She and Elizabeth started off together.
“In an old house in Paris that was covered with vines,
Lived twelve little girls in two straight lines.
In two straight lines they broke their bread
Brushed their teeth and went to bed—”
This is stupidity, this is melodrama, this is guilt. This will not have happened.
But such things do happen. Some people founder, they are not helped in time. They are not helped at all. Some people are pitched into darkness.
“In the middle of the night,
Miss Clavel turned on her light.
And said, ‘Something is not right—’”
“Mommy,” said Elizabeth. “Why did you stop?”
Lorna said, “I had to, for a minute. My mouth got dry.”
—
AT HOPE THEY HAD hamburgers and milkshakes. Then down the Fraser Valley, the children asleep in the back seat. Still some time left. Till they got to Chilliwack, till they got to Abbotsford, till they saw the hills of New Westminster ahead and the other hills crowned with houses, the beginnings of the city. Bridges still that they had to go over, turns they had to take, streets they had to drive along, corners they had to pass. All this in the time before. The next time she saw any of it would be in the time after.
When they entered Stanley Park it occurred to her to pray. This was shameless—the opportune praying of a nonbeliever. The gibberish of let-it-not-happen, let-it-not-happen. Let it not have happened.
The day was still cloudless. From the Lion’s Gate Bridge they looked out at the Strait of Georgia.
“Can you see Vancouver Island today?” said Brendan. “You look, I can’t.”
Lorna craned her neck to look past him.
“Far away,” she said. “Quite faint but it’s there.”
And with the sight of those blue, progressively dimmer, finally almost dissolving mounds that seemed to float upon the sea, she thought of one thing there was left to do. Make a bargain. Believe that it was still possible, up to the last minute it was possible to make a bargain.
It had to be serious, a most final and wrenching promise or offer. Take this. I promise this. If it can be made not true, if it can not have happened.

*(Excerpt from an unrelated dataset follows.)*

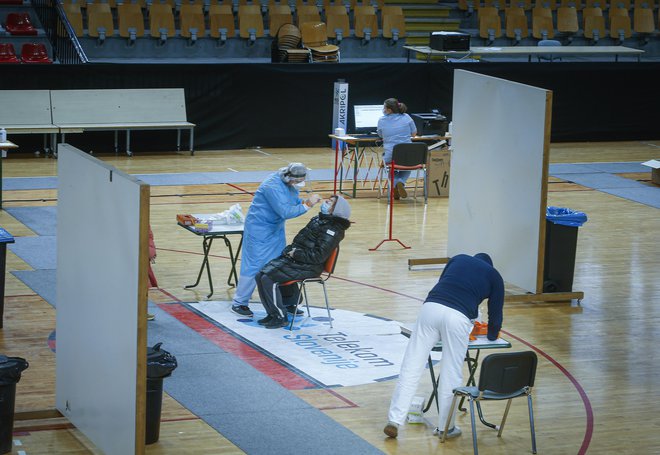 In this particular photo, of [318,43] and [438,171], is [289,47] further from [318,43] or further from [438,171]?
[438,171]

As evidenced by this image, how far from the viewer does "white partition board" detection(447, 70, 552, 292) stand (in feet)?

Not the children. She snatched that thought away as if she was grabbing them out of a fire. Not Brendan, for an opposite reason. She did not love him enough. She would say she loved him, and mean it to a certain extent, and she wanted to be loved by him, but there was a little hum of hate running along beside her love, nearly all the time. So it would be reprehensible—also useless—to offer him in any bargain.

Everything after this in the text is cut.